[Task details]
Omit the pictures and output exactly the lines from the start of the entries through the line containing "Huracán debutó con".

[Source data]
━━━━━━━━━━━━━━━━━━━━━━━━━━━━━━
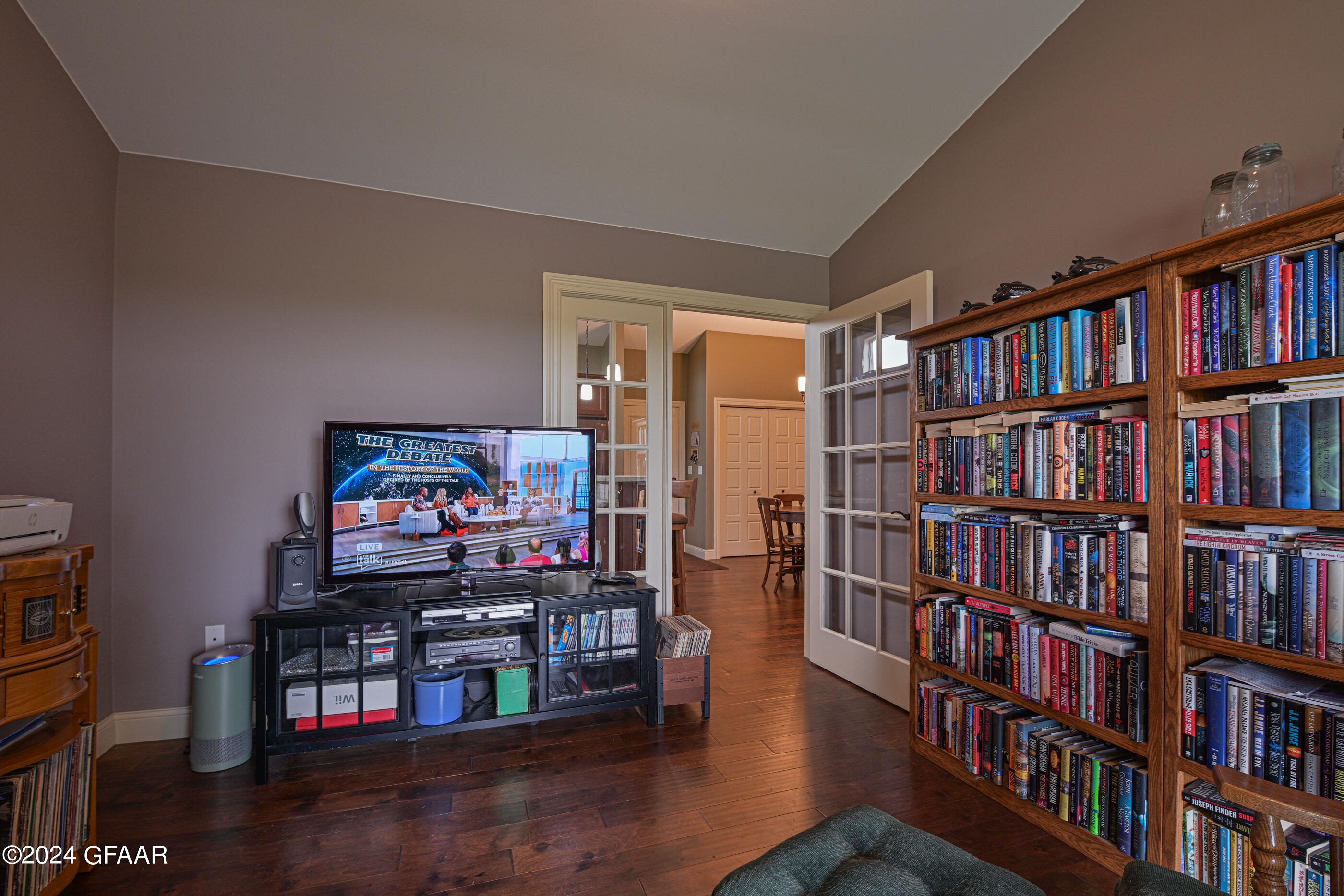 1500 ARDMORE Avenue S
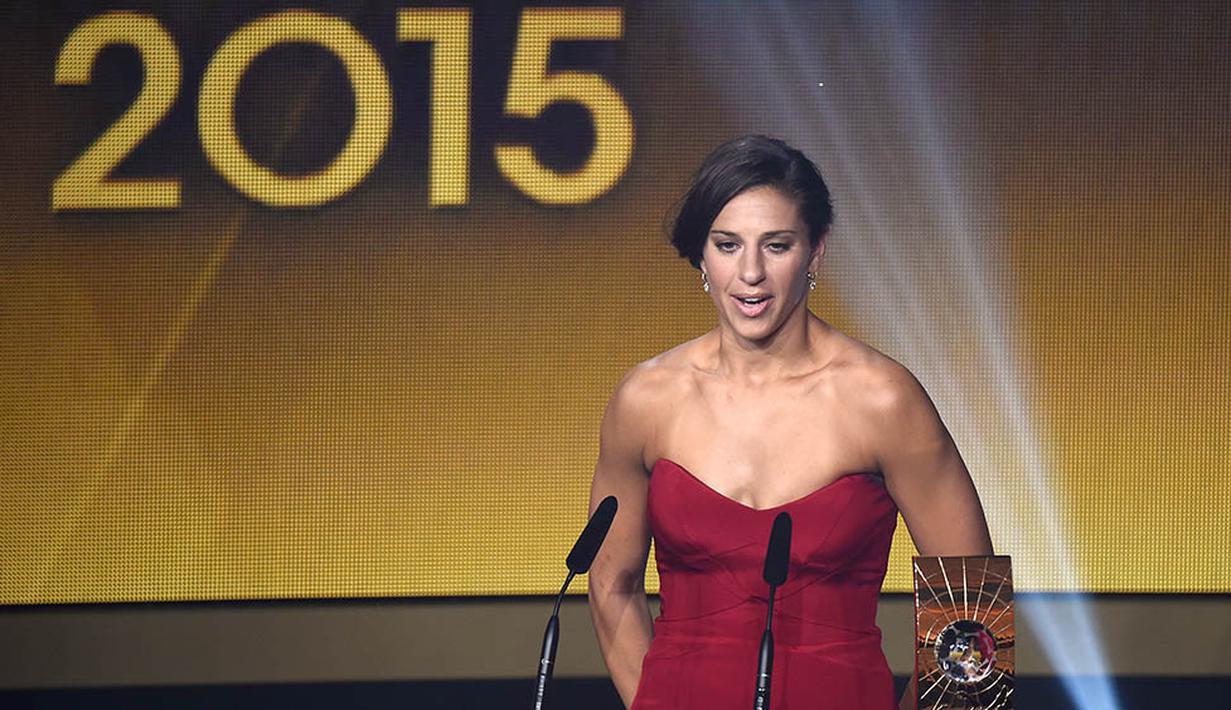 Pesepak bola cantik asal Amerika Serikat, Carli Lloyd, tampil seksi saat menerima penghargaan sebagai FIFA Women World Player of the Year 2015 di Zurich, Swiss, Senin (11/1/2016). (AFP/Olivier Morin)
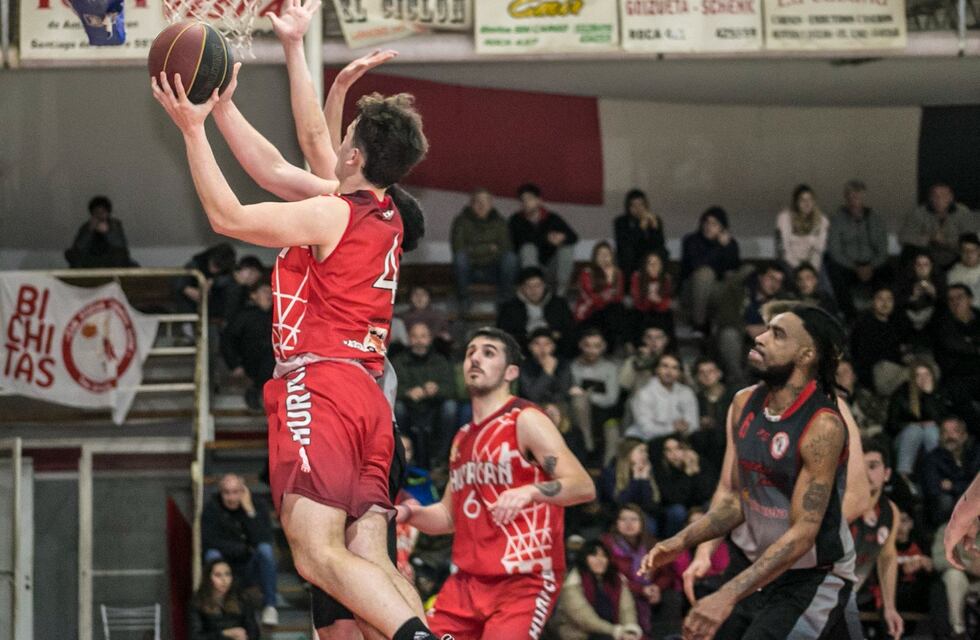 Huracán debutó con un triunfo en el inicio del Torneo Clausura de Básquet de Tres Arroyos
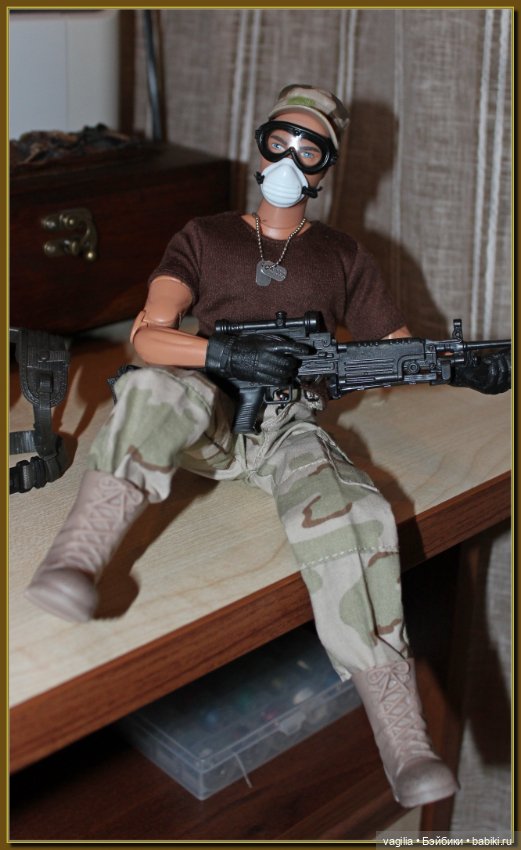 Военный, красивый, здоровенный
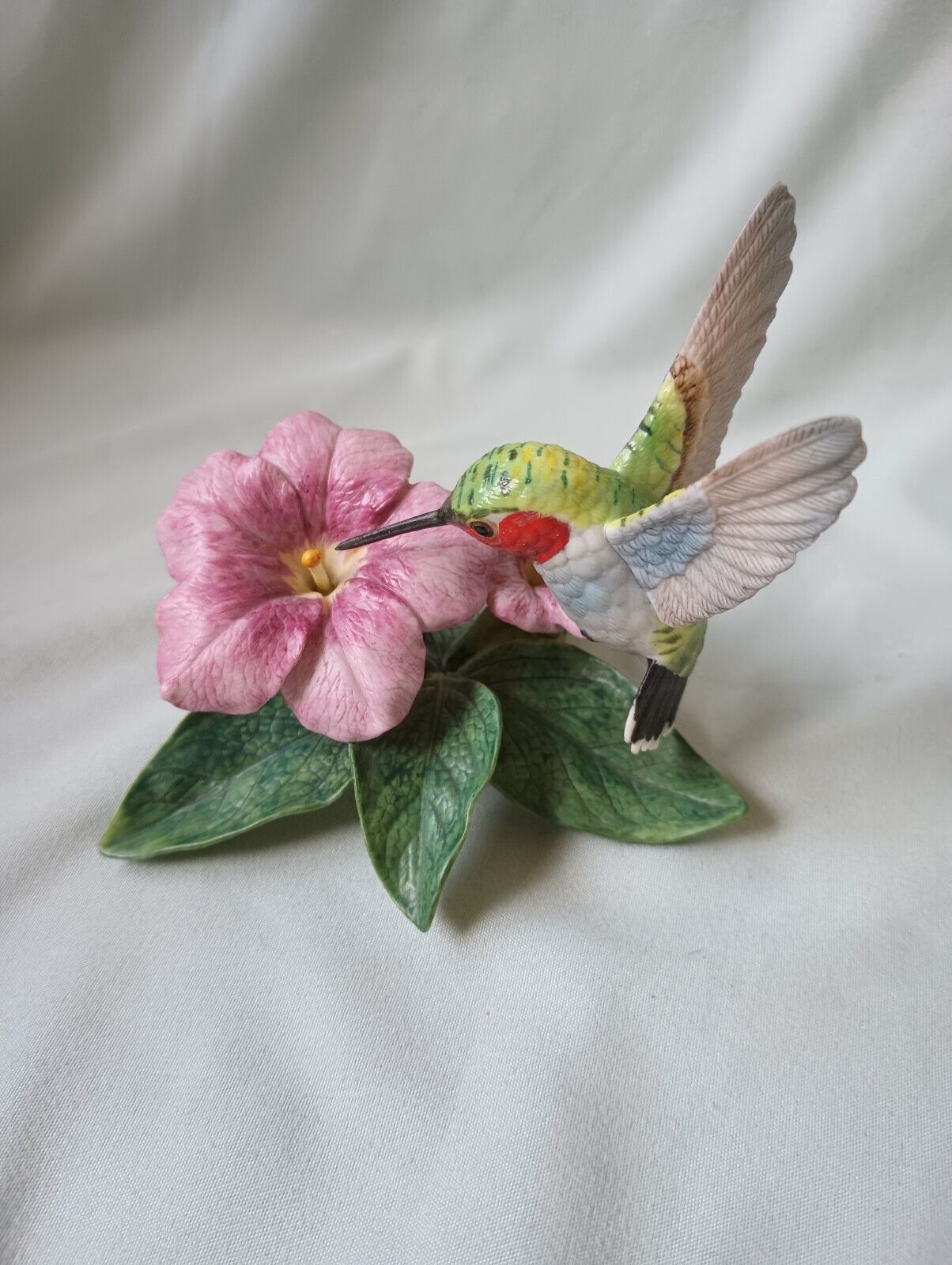 Perfect Condition Lenox Garden Birds Figurine Hummingbird 1988, No Box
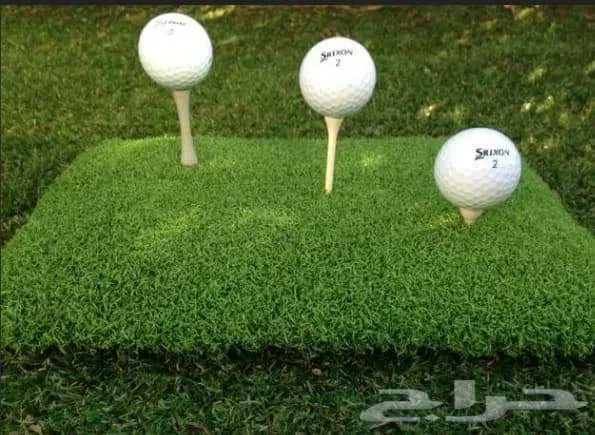 عشب اصطناعي جميع الالوان و املاعب كرة قدم غولف بادل و النادي 9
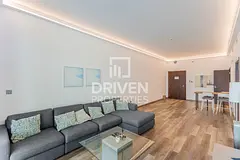 Cozy Apartment and Large Layout with Sea View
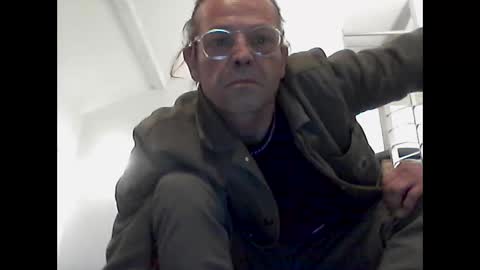 man38110 online show from 03.09.25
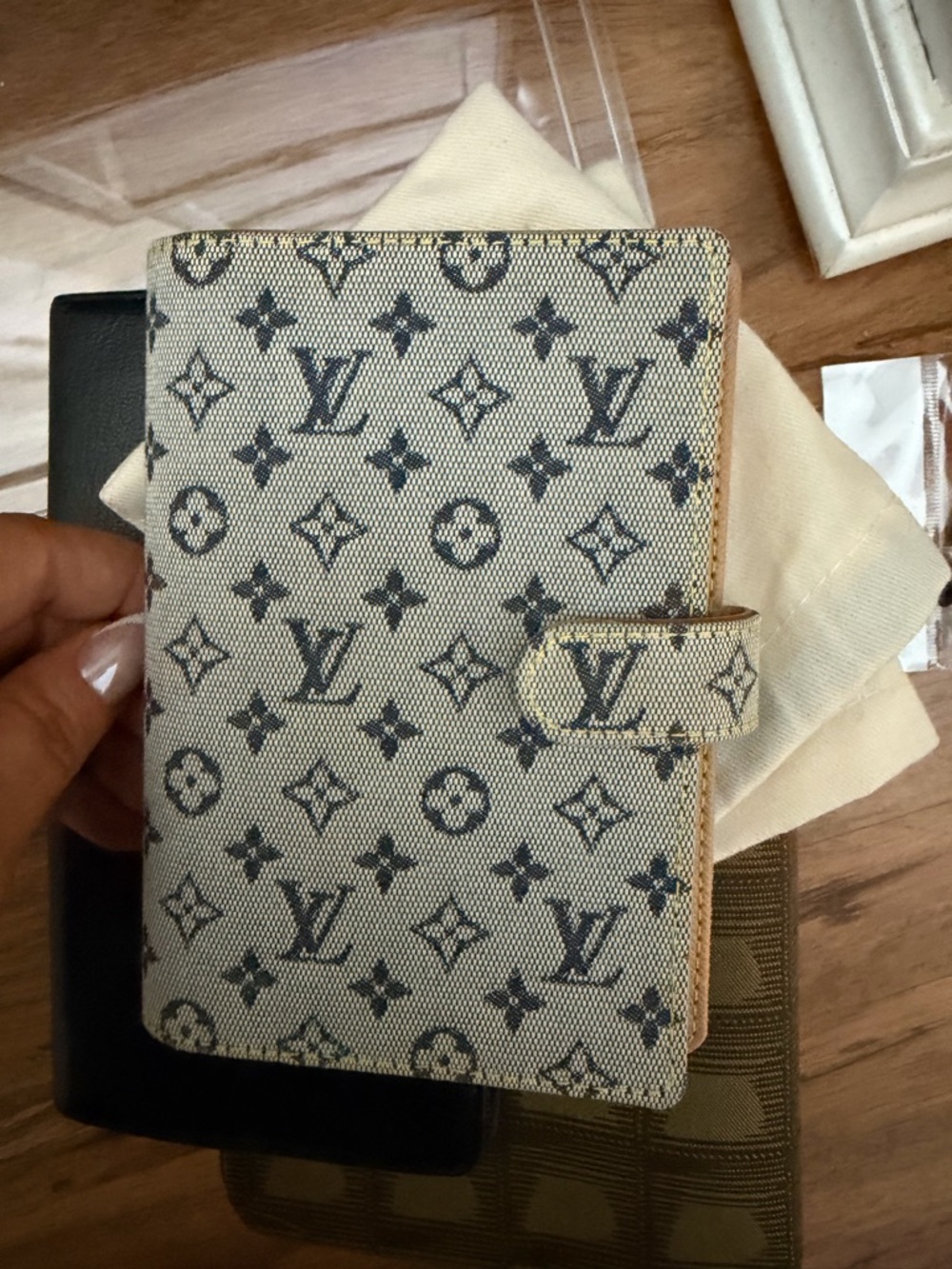 Louis Vuitton Beige Canvas Monogram Mini Agenda with Navy Print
━━━━━━━━━━━━━━━━━━━━━━━━━━━━━━
[Result of the task]
 1500 ARDMORE Avenue S
 Pesepak bola cantik asal Amerika Serikat, Carli Lloyd, tampil seksi saat menerima penghargaan sebagai FIFA Women World Player of the Year 2015 di Zurich, Swiss, Senin (11/1/2016). (AFP/Olivier Morin)
 Huracán debutó con un triunfo en el inicio del Torneo Clausura de Básquet de Tres Arroyos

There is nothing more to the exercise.